Activity:
Restate word for word the lines of the records below, starting at the line that contains "Purple Grape Pattern Print Luggage Tag" and ending at the line that contains "Heather Grey Tonight", with both of those lines included and nothing else.

Supplied records:
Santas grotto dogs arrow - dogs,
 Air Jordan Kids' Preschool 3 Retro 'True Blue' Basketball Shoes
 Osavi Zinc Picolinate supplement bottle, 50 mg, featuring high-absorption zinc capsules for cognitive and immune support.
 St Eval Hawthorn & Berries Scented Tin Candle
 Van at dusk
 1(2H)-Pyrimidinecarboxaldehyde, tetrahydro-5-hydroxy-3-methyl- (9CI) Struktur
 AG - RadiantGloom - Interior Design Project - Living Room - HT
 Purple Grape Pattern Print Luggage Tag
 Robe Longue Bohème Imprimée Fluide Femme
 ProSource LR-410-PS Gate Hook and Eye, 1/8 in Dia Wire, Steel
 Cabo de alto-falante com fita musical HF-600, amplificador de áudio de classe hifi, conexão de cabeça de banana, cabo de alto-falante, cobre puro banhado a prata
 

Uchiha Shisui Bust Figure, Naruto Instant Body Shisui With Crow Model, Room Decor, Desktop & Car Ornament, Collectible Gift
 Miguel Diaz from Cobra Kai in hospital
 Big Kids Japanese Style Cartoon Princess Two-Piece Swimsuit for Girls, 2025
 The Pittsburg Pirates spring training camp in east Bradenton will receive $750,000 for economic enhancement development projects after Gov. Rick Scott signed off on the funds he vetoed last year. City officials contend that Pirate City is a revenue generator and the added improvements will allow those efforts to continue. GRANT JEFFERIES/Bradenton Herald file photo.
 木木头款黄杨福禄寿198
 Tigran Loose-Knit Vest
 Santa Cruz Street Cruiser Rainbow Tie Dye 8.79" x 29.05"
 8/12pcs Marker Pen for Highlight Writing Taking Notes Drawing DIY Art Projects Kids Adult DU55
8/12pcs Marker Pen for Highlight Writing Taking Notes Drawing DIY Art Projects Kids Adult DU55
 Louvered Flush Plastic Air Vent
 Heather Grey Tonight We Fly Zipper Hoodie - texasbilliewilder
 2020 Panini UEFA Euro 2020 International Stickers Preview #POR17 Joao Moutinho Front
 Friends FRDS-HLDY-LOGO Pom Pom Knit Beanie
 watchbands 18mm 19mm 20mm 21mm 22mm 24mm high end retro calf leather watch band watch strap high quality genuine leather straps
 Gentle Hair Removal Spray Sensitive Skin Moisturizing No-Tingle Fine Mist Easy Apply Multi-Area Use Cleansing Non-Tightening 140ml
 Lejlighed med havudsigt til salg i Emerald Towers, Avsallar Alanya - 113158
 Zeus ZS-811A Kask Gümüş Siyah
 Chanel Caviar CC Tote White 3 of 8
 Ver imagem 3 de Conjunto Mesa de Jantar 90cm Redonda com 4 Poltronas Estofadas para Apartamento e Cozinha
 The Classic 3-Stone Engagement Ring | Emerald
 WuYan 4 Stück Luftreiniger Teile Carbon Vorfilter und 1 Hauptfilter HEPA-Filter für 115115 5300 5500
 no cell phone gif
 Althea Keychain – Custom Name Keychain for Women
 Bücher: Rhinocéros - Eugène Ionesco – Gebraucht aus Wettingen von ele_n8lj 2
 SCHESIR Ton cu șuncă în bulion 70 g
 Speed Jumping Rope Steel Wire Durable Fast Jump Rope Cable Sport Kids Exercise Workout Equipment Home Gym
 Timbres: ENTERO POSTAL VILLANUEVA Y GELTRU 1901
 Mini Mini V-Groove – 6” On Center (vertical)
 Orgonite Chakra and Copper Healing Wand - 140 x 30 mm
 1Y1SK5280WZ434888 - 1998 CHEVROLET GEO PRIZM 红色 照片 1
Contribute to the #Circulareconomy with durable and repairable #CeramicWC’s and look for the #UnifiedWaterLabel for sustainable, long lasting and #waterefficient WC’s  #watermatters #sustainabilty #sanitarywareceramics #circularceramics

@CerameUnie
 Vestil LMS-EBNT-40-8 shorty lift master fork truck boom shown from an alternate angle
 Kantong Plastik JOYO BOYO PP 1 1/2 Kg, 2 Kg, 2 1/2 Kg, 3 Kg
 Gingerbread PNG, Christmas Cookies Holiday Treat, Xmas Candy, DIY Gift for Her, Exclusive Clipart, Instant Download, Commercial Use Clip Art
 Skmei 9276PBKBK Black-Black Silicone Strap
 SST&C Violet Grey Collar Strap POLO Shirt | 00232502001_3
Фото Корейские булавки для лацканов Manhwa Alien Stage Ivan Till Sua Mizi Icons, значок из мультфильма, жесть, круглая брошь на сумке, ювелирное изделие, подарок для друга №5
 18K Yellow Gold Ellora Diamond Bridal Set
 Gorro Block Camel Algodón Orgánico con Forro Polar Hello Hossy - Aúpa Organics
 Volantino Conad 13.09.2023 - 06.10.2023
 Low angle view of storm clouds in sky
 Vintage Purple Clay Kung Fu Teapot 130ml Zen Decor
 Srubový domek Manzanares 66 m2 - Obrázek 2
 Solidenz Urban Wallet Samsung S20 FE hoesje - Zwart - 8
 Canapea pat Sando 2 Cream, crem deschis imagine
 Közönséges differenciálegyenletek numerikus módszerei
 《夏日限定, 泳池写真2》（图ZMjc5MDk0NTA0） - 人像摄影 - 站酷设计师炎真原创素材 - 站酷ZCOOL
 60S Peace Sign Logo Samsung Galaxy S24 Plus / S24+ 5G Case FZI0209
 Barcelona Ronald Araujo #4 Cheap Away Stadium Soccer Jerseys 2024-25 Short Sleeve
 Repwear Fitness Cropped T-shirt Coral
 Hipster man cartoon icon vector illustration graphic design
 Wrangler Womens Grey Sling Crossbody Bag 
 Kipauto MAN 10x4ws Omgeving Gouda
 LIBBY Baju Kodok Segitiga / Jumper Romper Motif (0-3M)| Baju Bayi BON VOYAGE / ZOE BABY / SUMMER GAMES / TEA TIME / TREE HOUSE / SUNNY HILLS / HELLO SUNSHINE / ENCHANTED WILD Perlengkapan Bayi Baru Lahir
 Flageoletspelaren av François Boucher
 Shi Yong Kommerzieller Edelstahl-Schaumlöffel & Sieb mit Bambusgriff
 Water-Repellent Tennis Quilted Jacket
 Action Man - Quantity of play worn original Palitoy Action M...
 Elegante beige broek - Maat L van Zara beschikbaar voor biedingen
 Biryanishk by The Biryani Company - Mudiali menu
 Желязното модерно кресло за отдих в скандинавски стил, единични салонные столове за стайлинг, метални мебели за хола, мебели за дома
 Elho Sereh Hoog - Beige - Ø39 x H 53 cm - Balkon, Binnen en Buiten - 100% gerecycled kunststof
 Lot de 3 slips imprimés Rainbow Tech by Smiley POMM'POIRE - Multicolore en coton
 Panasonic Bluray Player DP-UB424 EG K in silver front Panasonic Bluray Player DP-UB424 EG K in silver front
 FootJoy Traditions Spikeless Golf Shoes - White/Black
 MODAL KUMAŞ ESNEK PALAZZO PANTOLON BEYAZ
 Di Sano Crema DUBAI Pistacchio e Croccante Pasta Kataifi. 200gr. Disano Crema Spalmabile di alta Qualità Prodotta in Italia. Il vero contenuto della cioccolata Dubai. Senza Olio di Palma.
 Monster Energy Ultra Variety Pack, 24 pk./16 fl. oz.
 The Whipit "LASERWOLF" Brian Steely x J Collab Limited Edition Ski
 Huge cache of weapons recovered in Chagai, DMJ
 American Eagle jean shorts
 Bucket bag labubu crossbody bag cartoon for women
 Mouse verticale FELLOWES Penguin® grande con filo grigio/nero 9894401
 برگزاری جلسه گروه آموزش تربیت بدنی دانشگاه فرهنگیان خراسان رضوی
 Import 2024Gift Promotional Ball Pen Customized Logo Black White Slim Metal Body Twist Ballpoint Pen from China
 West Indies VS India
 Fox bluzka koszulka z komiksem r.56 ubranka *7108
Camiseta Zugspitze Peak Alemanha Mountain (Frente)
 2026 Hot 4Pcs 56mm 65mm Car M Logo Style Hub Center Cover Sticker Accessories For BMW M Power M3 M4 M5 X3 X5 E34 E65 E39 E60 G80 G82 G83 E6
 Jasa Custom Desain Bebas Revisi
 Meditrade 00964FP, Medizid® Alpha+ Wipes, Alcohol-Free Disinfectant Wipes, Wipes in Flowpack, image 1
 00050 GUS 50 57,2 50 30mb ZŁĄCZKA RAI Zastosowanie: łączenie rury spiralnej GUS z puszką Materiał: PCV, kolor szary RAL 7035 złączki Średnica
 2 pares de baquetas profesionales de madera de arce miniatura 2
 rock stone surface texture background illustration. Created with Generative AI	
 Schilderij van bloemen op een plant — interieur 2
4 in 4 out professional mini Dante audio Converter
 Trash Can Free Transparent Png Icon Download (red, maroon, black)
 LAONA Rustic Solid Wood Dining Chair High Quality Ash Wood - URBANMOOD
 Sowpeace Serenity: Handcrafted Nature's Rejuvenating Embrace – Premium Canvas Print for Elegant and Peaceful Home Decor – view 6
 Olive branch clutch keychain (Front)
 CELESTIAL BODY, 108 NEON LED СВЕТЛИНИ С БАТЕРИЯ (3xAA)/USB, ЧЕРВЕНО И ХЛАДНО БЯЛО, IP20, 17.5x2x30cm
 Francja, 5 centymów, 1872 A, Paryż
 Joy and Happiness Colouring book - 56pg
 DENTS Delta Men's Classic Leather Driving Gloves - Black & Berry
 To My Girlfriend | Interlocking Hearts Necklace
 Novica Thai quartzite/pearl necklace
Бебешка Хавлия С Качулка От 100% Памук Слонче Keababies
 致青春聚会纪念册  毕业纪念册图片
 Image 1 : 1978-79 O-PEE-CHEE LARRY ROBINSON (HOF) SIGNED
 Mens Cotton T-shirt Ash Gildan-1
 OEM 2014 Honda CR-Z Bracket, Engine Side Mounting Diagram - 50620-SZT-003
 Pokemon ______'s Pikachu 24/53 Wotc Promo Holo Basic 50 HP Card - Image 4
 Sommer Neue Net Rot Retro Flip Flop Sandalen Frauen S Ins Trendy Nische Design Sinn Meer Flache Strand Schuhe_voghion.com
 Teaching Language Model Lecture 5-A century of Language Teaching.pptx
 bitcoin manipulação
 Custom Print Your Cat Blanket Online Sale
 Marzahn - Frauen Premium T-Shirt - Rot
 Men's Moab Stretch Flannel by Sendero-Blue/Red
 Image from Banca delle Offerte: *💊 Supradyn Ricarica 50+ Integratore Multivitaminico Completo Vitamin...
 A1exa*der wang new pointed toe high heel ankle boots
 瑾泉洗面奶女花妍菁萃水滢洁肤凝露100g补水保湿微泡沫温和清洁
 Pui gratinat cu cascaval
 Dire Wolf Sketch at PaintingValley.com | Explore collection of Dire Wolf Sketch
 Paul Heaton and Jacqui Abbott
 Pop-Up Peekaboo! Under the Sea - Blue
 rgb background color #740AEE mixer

Solved exercise:
 Purple Grape Pattern Print Luggage Tag
 Robe Longue Bohème Imprimée Fluide Femme
 ProSource LR-410-PS Gate Hook and Eye, 1/8 in Dia Wire, Steel
 Cabo de alto-falante com fita musical HF-600, amplificador de áudio de classe hifi, conexão de cabeça de banana, cabo de alto-falante, cobre puro banhado a prata
 

Uchiha Shisui Bust Figure, Naruto Instant Body Shisui With Crow Model, Room Decor, Desktop & Car Ornament, Collectible Gift
 Miguel Diaz from Cobra Kai in hospital
 Big Kids Japanese Style Cartoon Princess Two-Piece Swimsuit for Girls, 2025
 The Pittsburg Pirates spring training camp in east Bradenton will receive $750,000 for economic enhancement development projects after Gov. Rick Scott signed off on the funds he vetoed last year. City officials contend that Pirate City is a revenue generator and the added improvements will allow those efforts to continue. GRANT JEFFERIES/Bradenton Herald file photo.
 木木头款黄杨福禄寿198
 Tigran Loose-Knit Vest
 Santa Cruz Street Cruiser Rainbow Tie Dye 8.79" x 29.05"
 8/12pcs Marker Pen for Highlight Writing Taking Notes Drawing DIY Art Projects Kids Adult DU55
8/12pcs Marker Pen for Highlight Writing Taking Notes Drawing DIY Art Projects Kids Adult DU55
 Louvered Flush Plastic Air Vent
 Heather Grey Tonight We Fly Zipper Hoodie - texasbilliewilder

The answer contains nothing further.